No dia em que sigo para passar o Natal em Mata Grande, pra lá vou com o objetivo de rever, relembrar e reencontrar as minhas origens. Disso eu preciso repetir em algumas oportunidades durante o ano.
“Acalma a alma!”
O que tenho de bom e de ruim vem desde a minha concepção, expulsão do ventre materno, bebê, criança, adolescente e adulto lá no Sertão jogando bola, caçando passarinho, dançando em festas, brigando e brincando.
Mas olhar pra trás, para o passado, é o indivíduo tentar entender o presente e olhar o futuro. E isso é importante em qualquer época do ano e não só neste período natalino e de fim de ano.
Retornar as origens é saber que melhoramos, evoluímos como pessoa, mas sabendo que continuaremos errando, mas sempre tentando diminuir essa margem de erros, o que só é possível com o passar dos anos.
É uma luta em que teremos mais derrotas do que vitórias, bem sabemos, mas que é importante entender que é assim a nossa existência.
Vou pra casa rever aqueles antigos parentes que restam, os gigantes da nossa infância, antes que não possa mais tocá-los nem ouvi-los frente a frente.

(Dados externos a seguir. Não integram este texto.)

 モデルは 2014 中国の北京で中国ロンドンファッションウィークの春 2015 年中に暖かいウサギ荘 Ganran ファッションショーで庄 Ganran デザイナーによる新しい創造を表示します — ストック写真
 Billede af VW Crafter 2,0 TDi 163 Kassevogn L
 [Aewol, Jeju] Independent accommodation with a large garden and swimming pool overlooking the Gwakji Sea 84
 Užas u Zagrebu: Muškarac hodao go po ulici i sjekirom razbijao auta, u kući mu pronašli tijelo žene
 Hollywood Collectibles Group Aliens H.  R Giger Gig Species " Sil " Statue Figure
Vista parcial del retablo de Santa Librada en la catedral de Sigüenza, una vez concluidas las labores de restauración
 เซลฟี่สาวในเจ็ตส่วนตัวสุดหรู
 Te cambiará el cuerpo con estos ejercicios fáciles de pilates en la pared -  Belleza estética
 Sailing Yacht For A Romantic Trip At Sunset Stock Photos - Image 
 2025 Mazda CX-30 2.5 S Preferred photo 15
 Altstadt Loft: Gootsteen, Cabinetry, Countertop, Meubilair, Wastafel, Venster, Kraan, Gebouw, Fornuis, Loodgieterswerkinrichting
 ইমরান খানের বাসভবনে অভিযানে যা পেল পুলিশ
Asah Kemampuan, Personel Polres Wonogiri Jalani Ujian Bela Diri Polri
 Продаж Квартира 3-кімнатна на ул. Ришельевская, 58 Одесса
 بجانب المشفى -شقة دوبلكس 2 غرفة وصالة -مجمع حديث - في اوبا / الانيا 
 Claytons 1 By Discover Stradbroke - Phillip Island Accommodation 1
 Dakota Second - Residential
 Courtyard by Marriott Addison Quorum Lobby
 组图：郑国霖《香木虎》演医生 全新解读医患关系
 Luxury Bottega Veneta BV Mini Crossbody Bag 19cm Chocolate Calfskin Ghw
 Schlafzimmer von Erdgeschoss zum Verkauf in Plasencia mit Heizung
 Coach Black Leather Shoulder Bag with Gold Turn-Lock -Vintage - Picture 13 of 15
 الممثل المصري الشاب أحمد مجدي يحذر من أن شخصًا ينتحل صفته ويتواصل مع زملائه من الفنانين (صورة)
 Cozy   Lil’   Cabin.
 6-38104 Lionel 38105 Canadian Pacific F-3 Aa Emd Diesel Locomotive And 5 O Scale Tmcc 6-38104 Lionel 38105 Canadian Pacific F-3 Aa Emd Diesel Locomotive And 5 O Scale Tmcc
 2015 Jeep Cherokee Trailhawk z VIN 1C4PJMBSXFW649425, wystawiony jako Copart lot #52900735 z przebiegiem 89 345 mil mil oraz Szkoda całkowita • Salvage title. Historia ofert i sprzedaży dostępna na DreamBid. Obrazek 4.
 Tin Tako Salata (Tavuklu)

E também lembrar de outros que já se foram, mas que parecem caminhar pelas ladeiras imensas de paralelepípedos, ou sentados em algum bar bebendo e cantando com um vozeirão impressionante alguma música romântica.
E lembrar, ainda, dos amigos, das meninas bonitas que desfilavam a roupa novinha feita especialmente para o Natal.
Voltar sempre às origens, ao início de tudo, é rememorar uma caminhada evolutiva. É sempre buscar nunca esquecer quem somos, de onde viemos, para onde vamos, para onde voltamos sempre.
Essa é uma caminhada para algo. Caminhada para compreendermos a nós mesmos, até o fim.
EM TEMPO - Que a política e economia melhorem com a classe política tendo mais responsabilidade e compromisso com o país. E que Eduardo Cunha seja exemplarmente afastado do cargo e preso. Esse é o meu pedido para Papai Noel.